Makoto Okazaki followed with a proposal to not only overhaul existing codes codes, but completely transform our model of freight movement. As part of a radical thought experiment in creating a completely self-sufficient New York City, Okazaki proposed adapting the subway system to accommodate the movement of goods. In his proposal, freight would be dispersed at night by subway to certain stations designated as distribution hubs, and then delivered locally during the early morning. Not only would this free up space for walking and parks, Okazaki argued, but city streets could be transformed into massive urban farms. This increase in production, however, would necessitate building ten new nuclear power plants, a provocation that elicited laughs from many in the audience.
The last presenter of the night, Juliette Spertus, joked that she had considered her proposal ambitious until she heard what Okazaki had in mind. Spertus’ work is focused on waste, New York City’s largest outbound freight. She asserted we could eliminate New York’s infamous towers of sidewalk garbage while also reducing garbage truck-related congestion.

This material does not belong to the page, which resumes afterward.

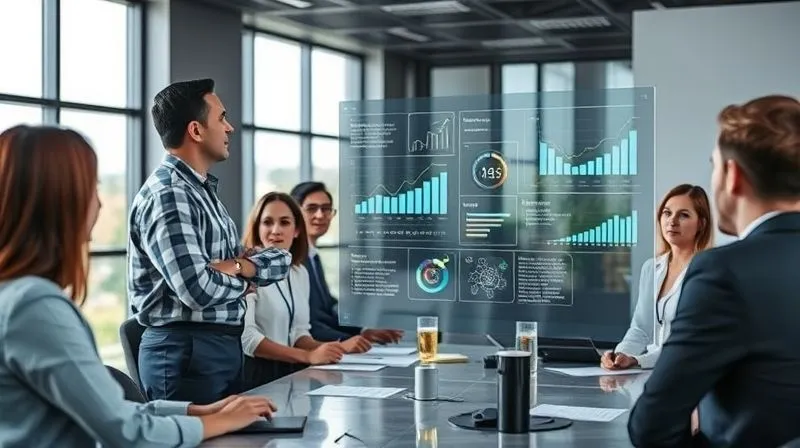 A photorealistic image of a nomadic consultant confidently presenting a complex business strategy on a holographic display in a modern, minimalist co-working space, with a diverse group of attentive professionals around. The display shows charts and key metrics. Cinematic lighting, sharp focus on the consultant and display, depth of field blurring the background, 8K hyper-detailed, professional photography, shot on a high-end DSLR.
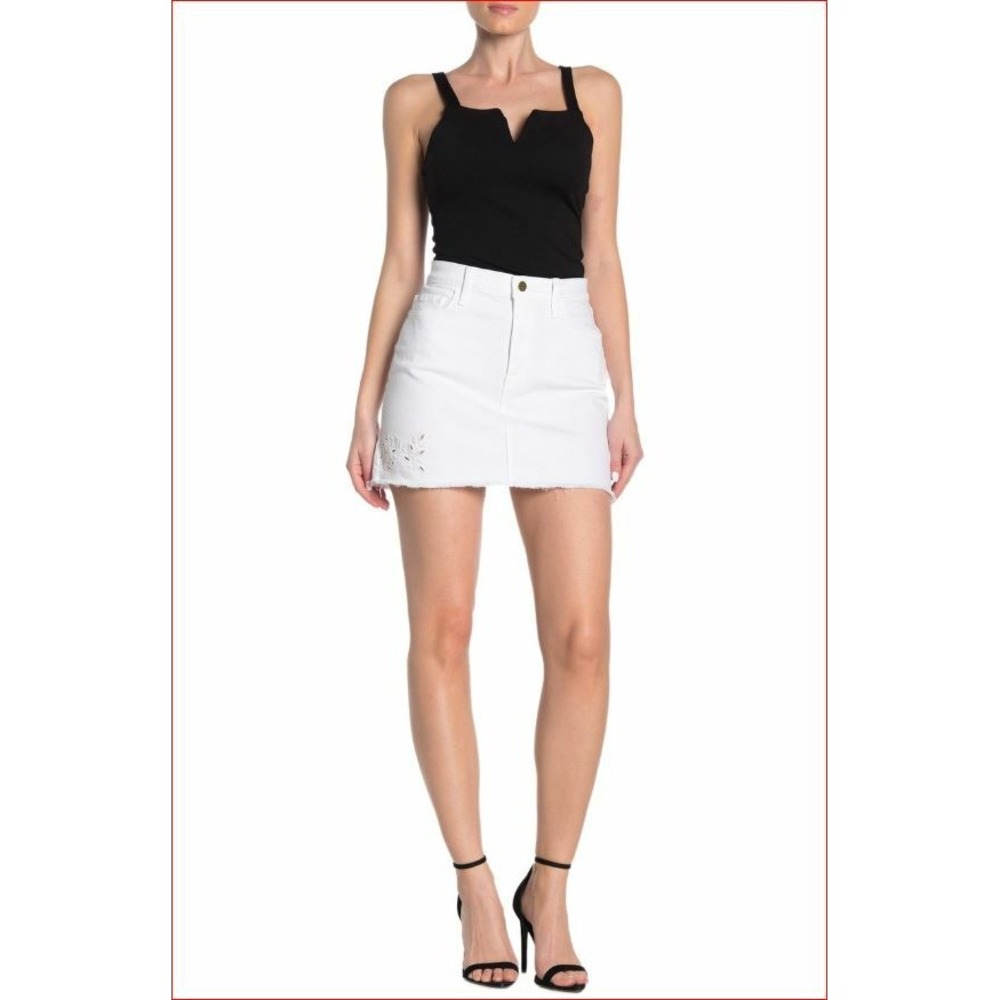 Frame Denim women jean skirt LMSKFL009 white blanc sz 27 $225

Rather than send vehicles to pick up trash, Spertus envisions pneumatic tubes shuttling trash to “reverse urban distribution centers” where it would be sorted and sent to appropriate disposal centers.

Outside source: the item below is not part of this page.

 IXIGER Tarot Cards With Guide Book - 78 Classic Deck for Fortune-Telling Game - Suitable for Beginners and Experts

New York City is already home to a functioning pneumatic system on Roosevelt Island, which Spertus noted has been expanded multiple times and even continued functioning during Superstorm Sandy. Most pneumatic systems built in the last 50 years have been in new development sites, but she sees enormous potential in retrofitting existing urban areas. Roosevelt Island’s system was originally built as a model for the city, but if Spertus has her way, the High Line could be the project that truly changes how New York deals with its trash. Its linear structure provides an ideal location to install tubes with minimal impact, and the dense development that now surrounds it provides plenty of potential waste to be diverted. Connecting just six High Line-adjacent buildings to such a system would collect as much as five times the amount of daily waste processed by the Roosevelt Island system. Additionally, food-waste from restaurants could be sorted and converted to energy on site, eliminating the need for further transport. The remaining waste could then be transferred to trains at Hudson Yards, which perhaps one day could connect to Okazaki’s freight rail system out of the city.

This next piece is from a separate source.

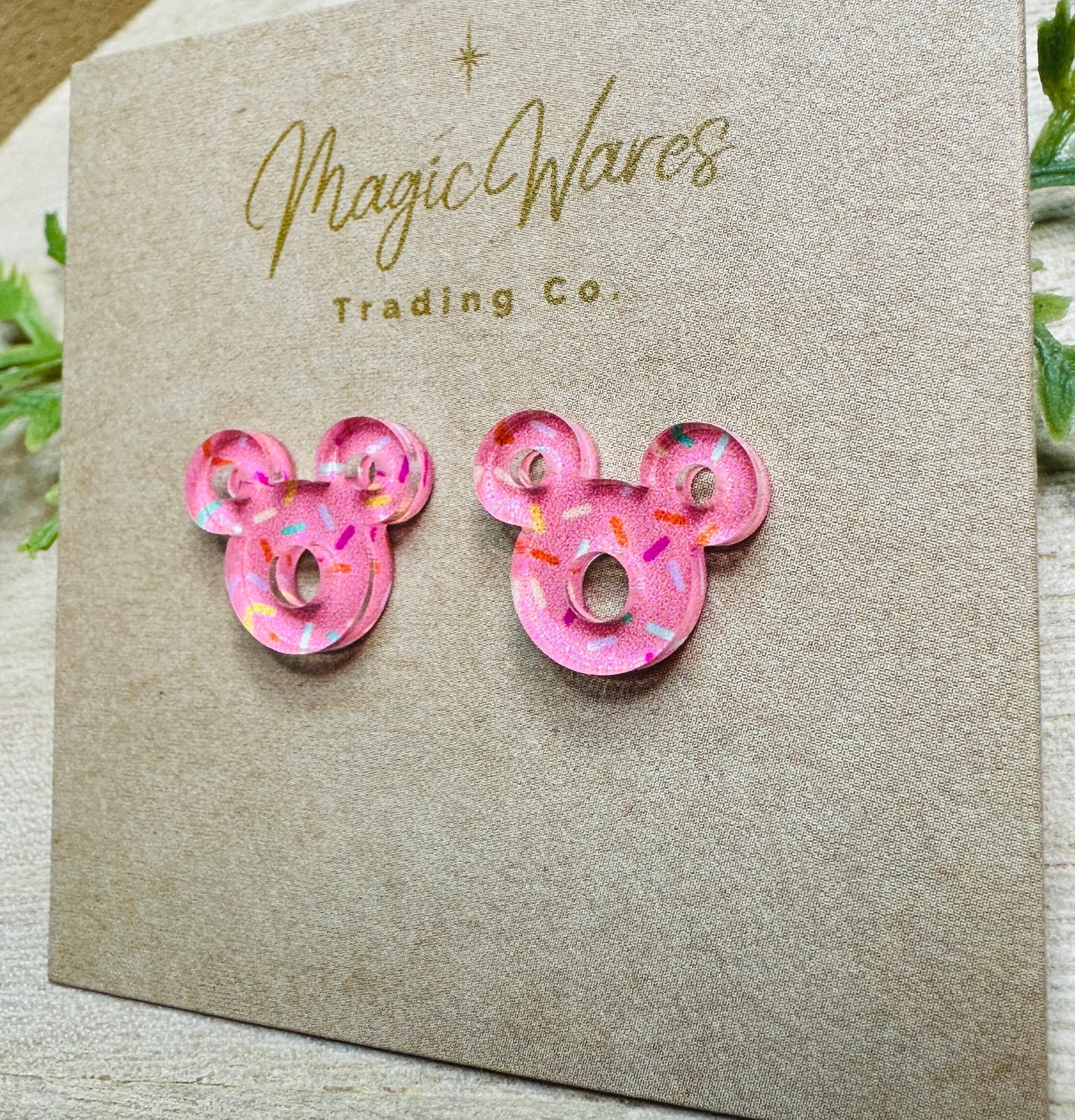 Donut Stud, 3 Colors, Laser cut Post Earrings, Made to order, Laser Engraved, Pierced Earlobe, Stainless Steel, Mickey shaped food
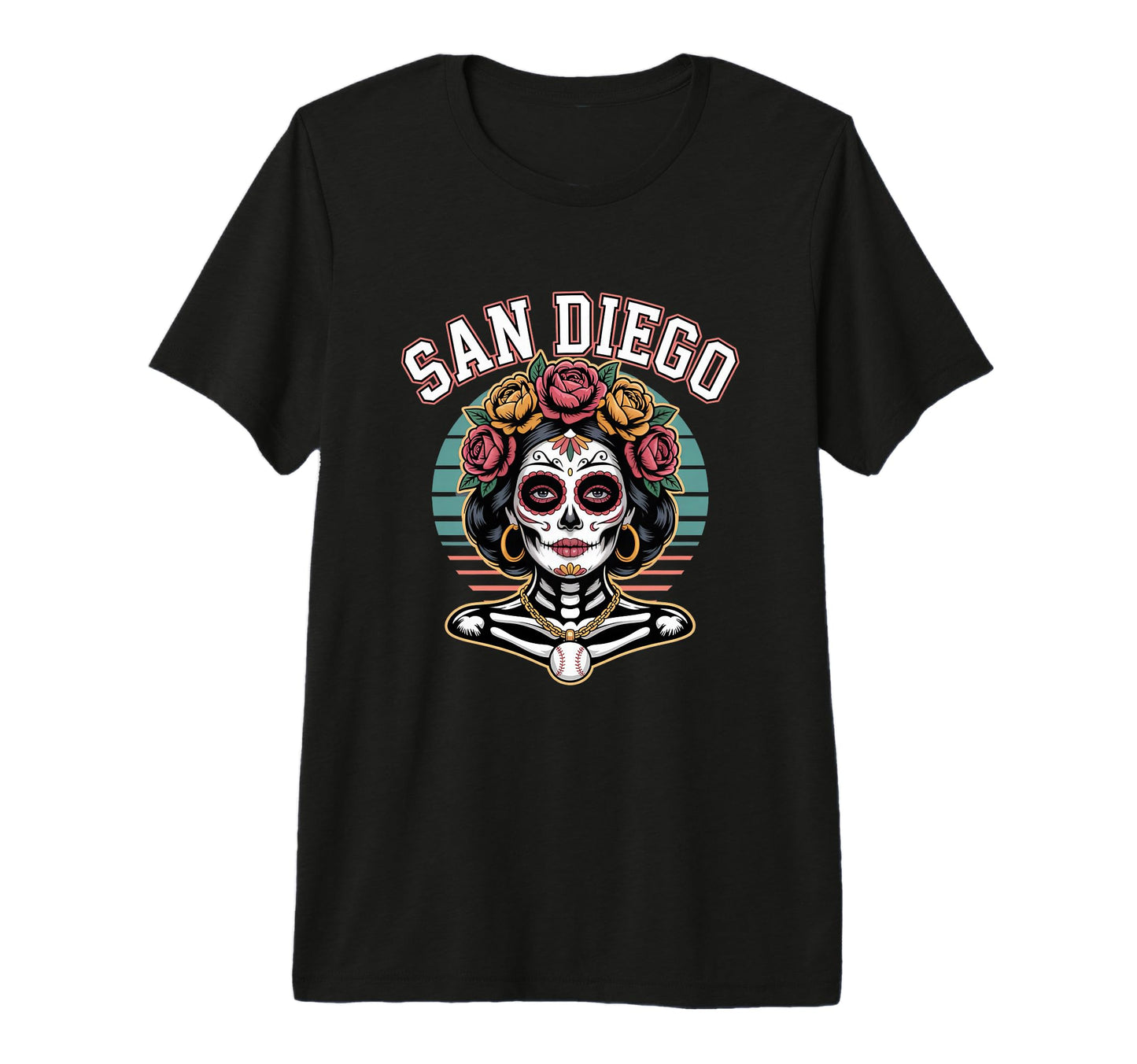 San Diego Sugar Skull Flower City T-Shirt - Casual Everyday Wear Men Women - T-Shirt, Sweatshirt, Hoodie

Some attendees questioned the potential impact of drones and autonomous vehicles in the future. Others felt solutions that accommodate more freight evade the bigger issue. “If we’re concerned about sustainable systems, we should focus on reducing the amount of goods we consume and ship,” one attendee argued. Another disagreed that our infrastructure is over capacity, suggesting that shifting the schedule of deliveries to night could ease the burden on our roads and rails.
Lindsay asked whether new technology might ultimately help or hinder local businesses. He wondered whether the on-demand economy would prove fatal to city retail, raising the specter of a city without independent shops. Alternatively, he speculated that major Internet retailers could transform the “world into a warehouse,” allowing consumers to receive deliveries from local retail rather than distribution hubs.
However, the biggest question of the night returned to Lindsay’s initial observation: how do we get people to care about freight? Many agreed on the importance of building public support for freight infrastructure improvements, but there was little consensus on how to go about doing so. But if truck traffic clogs our roads and threatens our quality of life, urbanists must rise to the challenge.